I just browsed a really interesting book on autobiography in education. I plan on finding it at my school's library or through ILL because the Google Book only gave excerpts from each chapter. I have always been a believer in reflective practice in teacher education since my professors made me do it in college. They were successful in indoctrinating me. :) Seriously, self-reflection exposed a lot of "baggage" about my own experience as a student that, if left unexamined, could have led to some less than desirable outcomes as a teacher. In a nutshell, I was the guy who made good grades but never really thought much about what I was learning. I never made trouble for my teachers, but I never really made a difference in my school. I stood out because of my own talents, but I never really stood up for anything. Seth Godin touches on this in an insightful post. Schooling is about learning the ropes and working the system; whereas, learning is about getting it. I don't honestly think I got it until I was a sophomore in college. In many ways, I still don't get it. However, I am content to know the difference between what I get and what I don't get. The things I don't get that I still want to get, I am pursuing. The things I don't get that I don't mind if I never get, I am content to drop them. Or at least shelf them until I have a desire to get them again someday.
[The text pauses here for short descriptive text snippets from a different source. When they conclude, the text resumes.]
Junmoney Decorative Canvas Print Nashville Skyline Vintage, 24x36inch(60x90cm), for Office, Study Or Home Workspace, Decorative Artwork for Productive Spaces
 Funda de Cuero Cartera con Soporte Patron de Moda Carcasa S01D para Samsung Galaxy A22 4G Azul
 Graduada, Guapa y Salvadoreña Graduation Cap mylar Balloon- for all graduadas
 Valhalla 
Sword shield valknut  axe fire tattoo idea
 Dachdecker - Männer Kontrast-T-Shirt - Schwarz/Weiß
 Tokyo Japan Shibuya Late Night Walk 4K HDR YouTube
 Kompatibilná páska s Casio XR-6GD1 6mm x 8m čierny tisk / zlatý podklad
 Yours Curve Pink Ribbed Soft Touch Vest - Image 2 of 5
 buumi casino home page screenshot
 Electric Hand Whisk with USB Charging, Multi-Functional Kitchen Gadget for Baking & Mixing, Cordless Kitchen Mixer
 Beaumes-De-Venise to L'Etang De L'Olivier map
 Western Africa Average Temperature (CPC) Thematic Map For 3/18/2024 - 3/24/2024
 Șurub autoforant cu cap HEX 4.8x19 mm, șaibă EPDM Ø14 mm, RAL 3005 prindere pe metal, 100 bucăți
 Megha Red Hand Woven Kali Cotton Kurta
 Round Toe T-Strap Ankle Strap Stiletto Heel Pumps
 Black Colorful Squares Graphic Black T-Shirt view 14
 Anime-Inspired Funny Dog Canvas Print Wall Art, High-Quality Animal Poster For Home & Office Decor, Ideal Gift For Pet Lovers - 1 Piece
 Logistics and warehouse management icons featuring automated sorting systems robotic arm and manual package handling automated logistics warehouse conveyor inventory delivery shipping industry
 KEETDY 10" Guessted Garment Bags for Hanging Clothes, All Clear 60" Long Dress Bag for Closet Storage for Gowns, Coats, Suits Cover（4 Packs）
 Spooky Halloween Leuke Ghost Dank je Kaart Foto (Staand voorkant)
OK, enough of that. The reason I brought this up at all is because I am really wrestling with the kinds of things my students should be reflecting on, and how they should be reflecting on them. For me, blogs are great but they don't work for everyone. For me, transparency is OK, but not everyone feels comfortable with it. I want my preservice teachers to have the freedom to admit when they are struggling to find the "teachable moments" in their field experiences, but I want them to look past the schooling game so many of them have played for so long and think about learning. On the other hand, I don't necessarily want to push every student toward the "deeper experience," as one of my online students so accurately put it this summer. Some of them may not be at that point in their learning, and it just adds unnecessary pressure when students think they need to uncover the drama in an experience that was probably pretty bland to begin with. Frankly, my K-12 experience was devoid of very many light bulb or a-ha moments, so a dramatic account of my school days would be predominantly fiction.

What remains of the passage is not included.